WHAT THE EXERCISE ASKS:
The answer should hold only the lines from the one containing "2024 Women Winter" through the one containing "Love Heart Medium" in the entries below, copied exactly, without pictures.

DATA SHOWN:
-*-*-

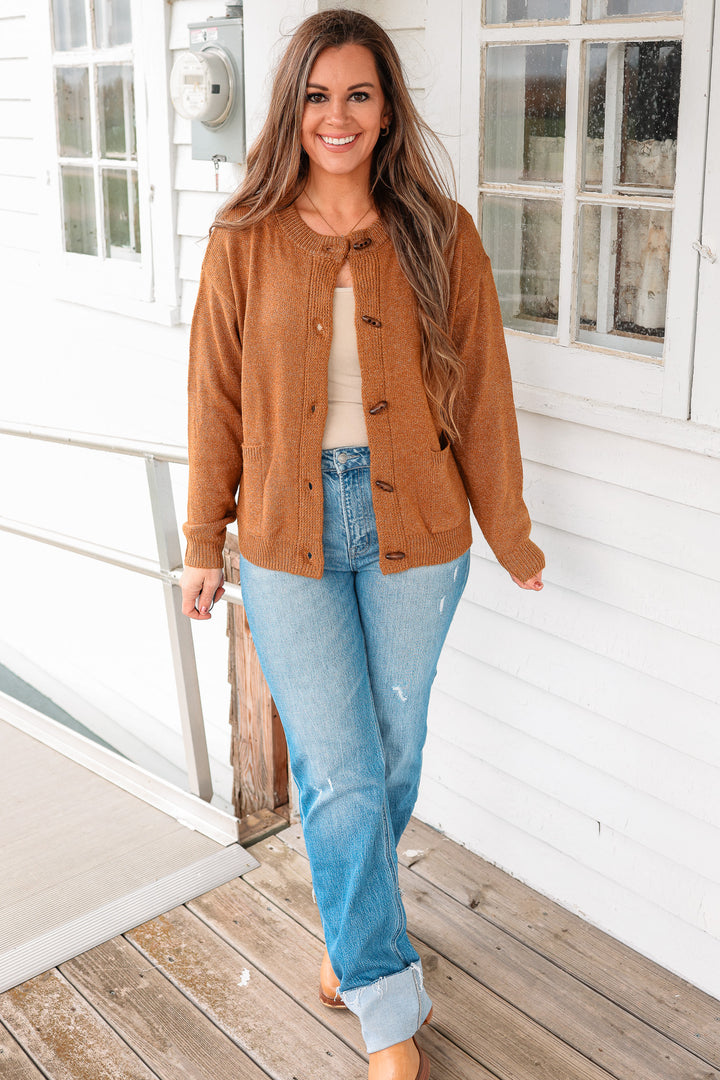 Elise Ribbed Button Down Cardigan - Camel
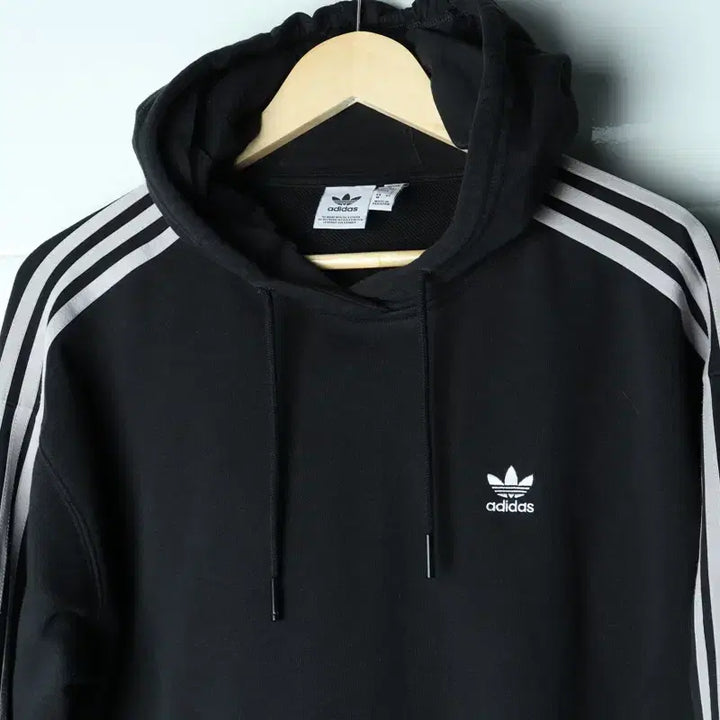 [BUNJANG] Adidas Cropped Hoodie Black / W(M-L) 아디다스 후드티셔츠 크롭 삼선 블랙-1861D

-*-*-

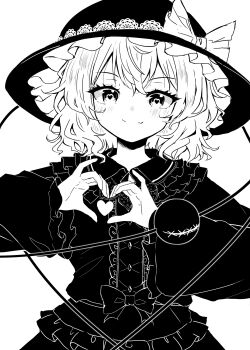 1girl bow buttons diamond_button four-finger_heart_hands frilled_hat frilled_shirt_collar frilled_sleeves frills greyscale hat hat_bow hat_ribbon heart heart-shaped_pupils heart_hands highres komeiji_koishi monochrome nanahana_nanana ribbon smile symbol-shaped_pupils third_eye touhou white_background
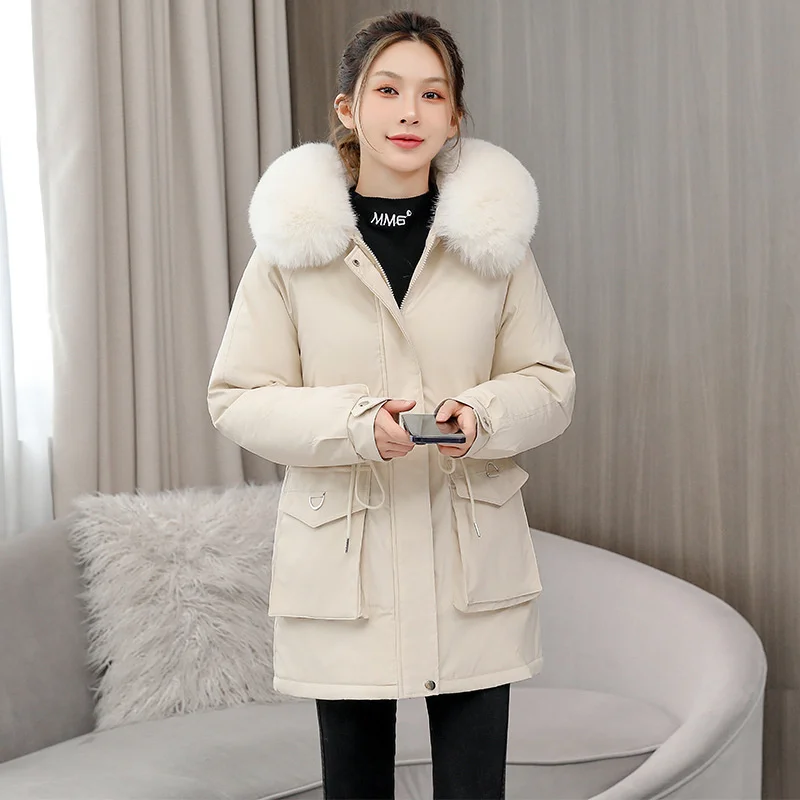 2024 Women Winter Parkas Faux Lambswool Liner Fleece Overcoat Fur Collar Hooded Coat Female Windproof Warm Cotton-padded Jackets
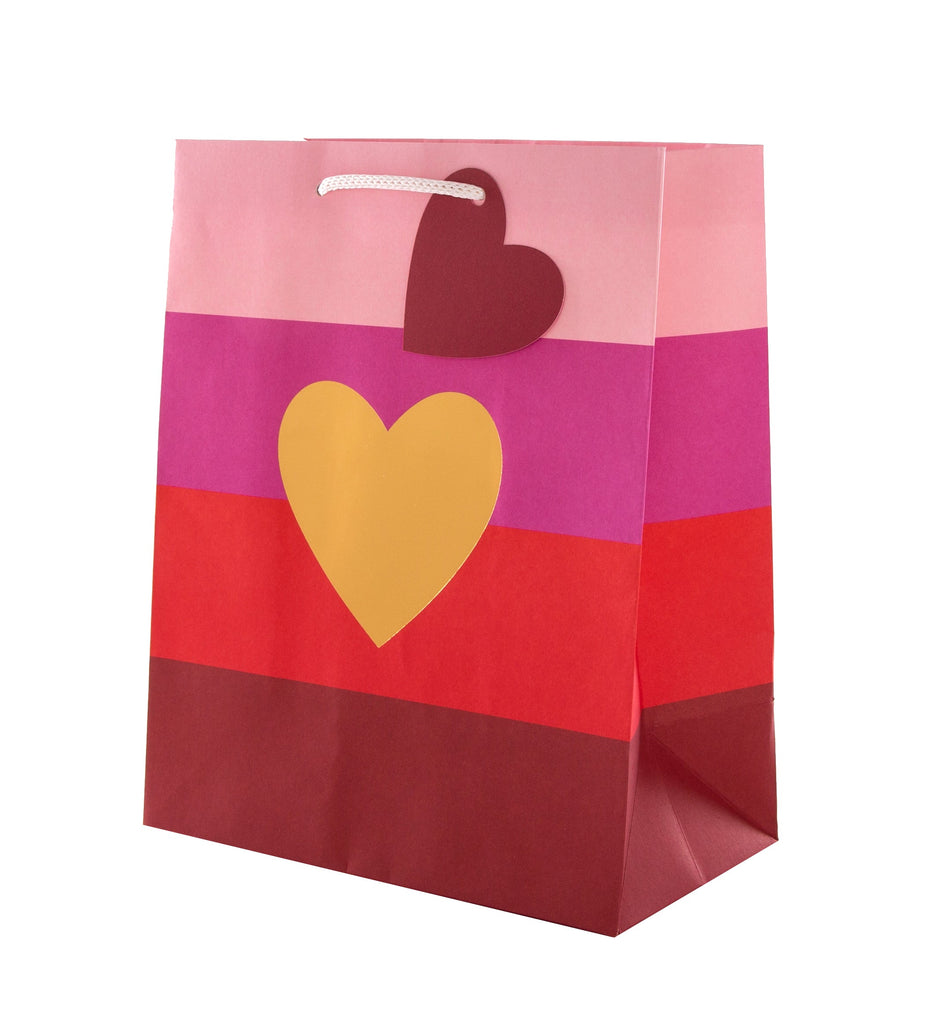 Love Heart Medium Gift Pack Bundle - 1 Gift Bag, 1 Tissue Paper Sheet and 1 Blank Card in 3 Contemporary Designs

-*-*-

OUTPUT BELOW:
 2024 Women Winter Parkas Faux Lambswool Liner Fleece Overcoat Fur Collar Hooded Coat Female Windproof Warm Cotton-padded Jackets
 Love Heart Medium Gift Pack Bundle - 1 Gift Bag, 1 Tissue Paper Sheet and 1 Blank Card in 3 Contemporary Designs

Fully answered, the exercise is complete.